EXERCISE BRIEF
In the data below, begin at the line with "Use the mode" and stop after the line with "Sometimes when you"; output those lines exactly and no pictures.

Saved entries
=== Section Start ===

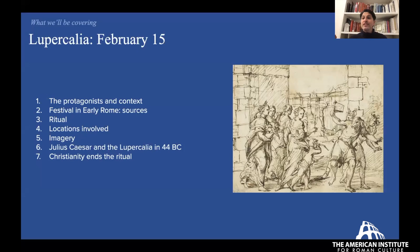February 15th is the Lupercalia festival. We'll start with the protagonists and the context of the festival, talk about it in the context of the Roman sources. It's not really the art that's going to give us an insight into the actual details of the worship at the Lupercalia, but rather the ancient sources. Then we'll unwrap the ritual itself, the locations in which the rituals are taking place, and some fun imagery from antiquity.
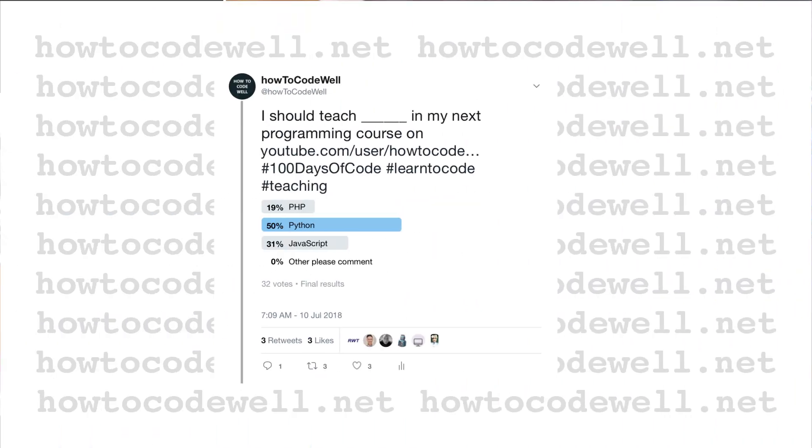A few weeks ago, I did a Twitter poll asking which programming course I should be teaching next. The options were Python, JavaScript, and PHP. Quite a few people actually voted, which was fantastic, and the winner is Python.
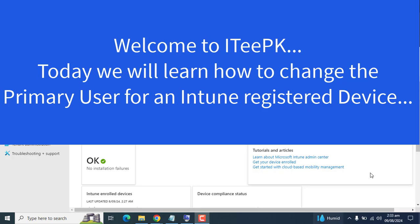Hello everyone, welcome to ITPK. In this video we will learn how to change the primary user of a device in Microsoft Intune.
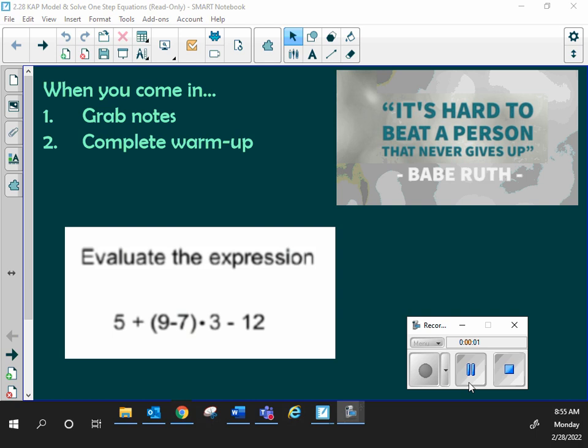Good morning, guys. For cats, please solve this problem on the board. Pause and play when you're ready. Here we go.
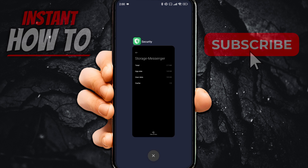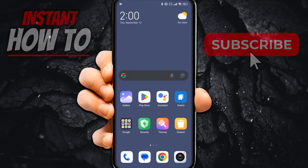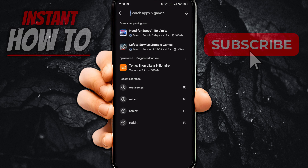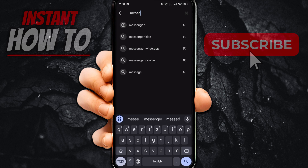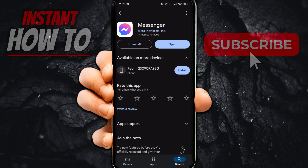Once you've done this, there's one more thing you can do, and that is going to your Play Store. Inside the Play Store, look for Messenger — simply search for Messenger. Click on it and click Update if the option is available. If it says Uninstall and Open, just like it does on my screen, this means you already have the latest version of Messenger.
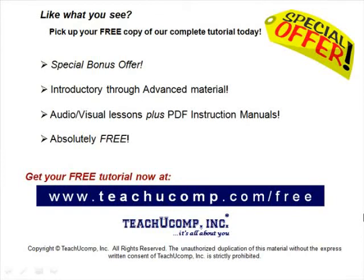Like what you see? Pick up your free copy of the complete tutorial at www.teachucomp.com/free.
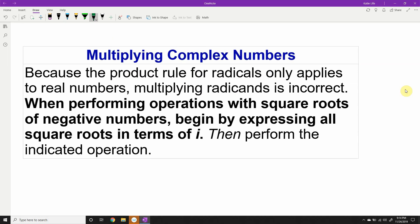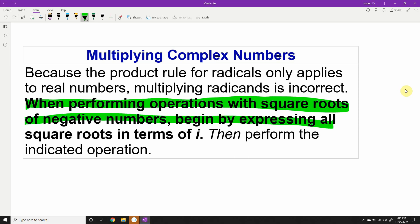Now let's talk about multiplying complex numbers. Because the product rule for radicals only applies to real numbers, we cannot multiply radicands together when they are negative — doing so would turn a negative radicand into a positive one, which is invalid in this context. Any time we perform operations with square roots of negative numbers, we must first convert everything in terms of i, then proceed with the operation.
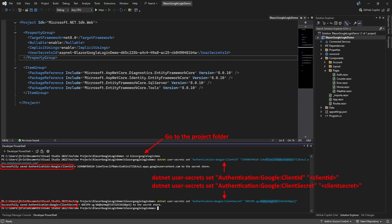Then we set the secret with dotnet user-secrets set followed by Authentication:Google:ClientSecret in double quotes, and followed by the client secret Google gave us in double quotes.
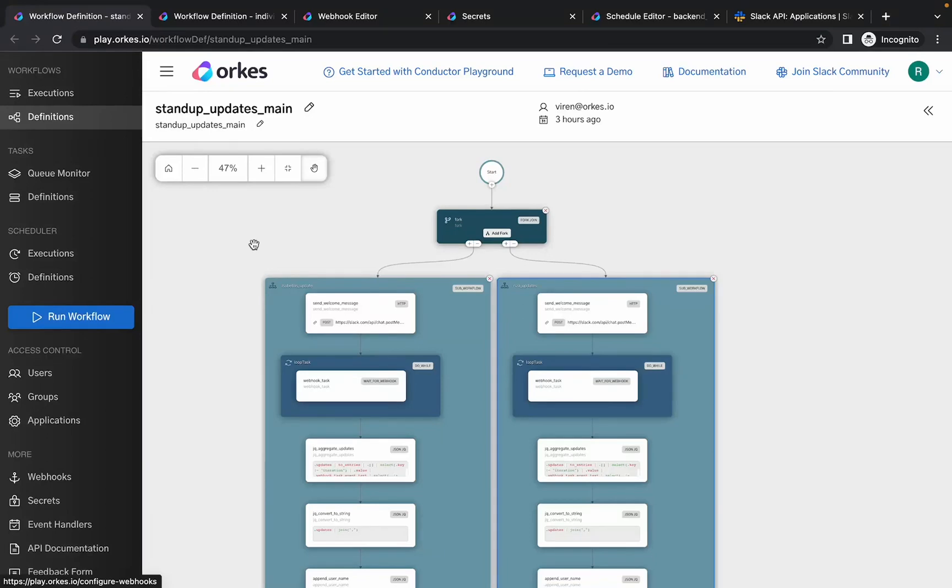Hey everyone, in this video we'll have a walkthrough on how to create a stand-up board for posting daily updates on a Slack channel using Orcas Conductor.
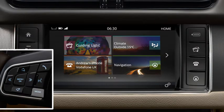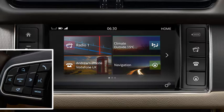Use the mode button to scroll through all audio sources. Once you've made your selection, it appears in the message centre.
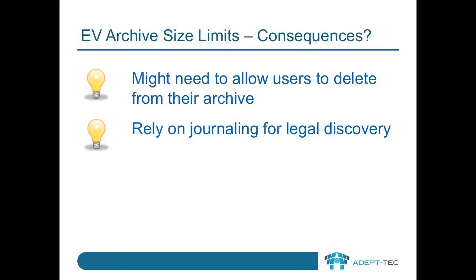Sometimes when you set limits, it means that you'll need to allow users to delete items from their archive. This has impacts on compliance and it means that you would have to rely on journaling in order to be able to produce any information required by a legal party.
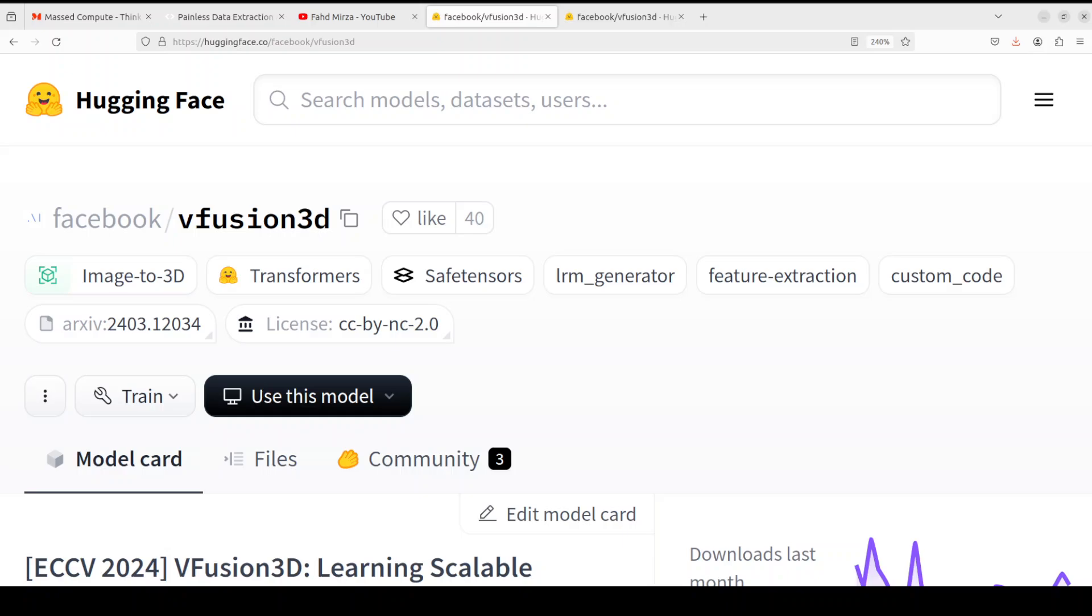So let's go back here to V-Fusion 3D. This model, as I said, is a model from Meta and this works on the principle of feed-forward. When we say feed-forward in neural networks, it refers to a type of network architecture where information flows only in one direction from input layer to the output layer without any feedback loops or recurrent connections.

=== Section End ===

SOLUTION TO THIS PROBLEM
Use the mode button to scroll through all audio sources. Once you've made your selection, it appears in the message centre.
Sometimes when you set limits, it means that you'll need to allow users to delete items from their archive. This has impacts on compliance and it means that you would have to rely on journaling in order to be able to produce any information required by a legal party.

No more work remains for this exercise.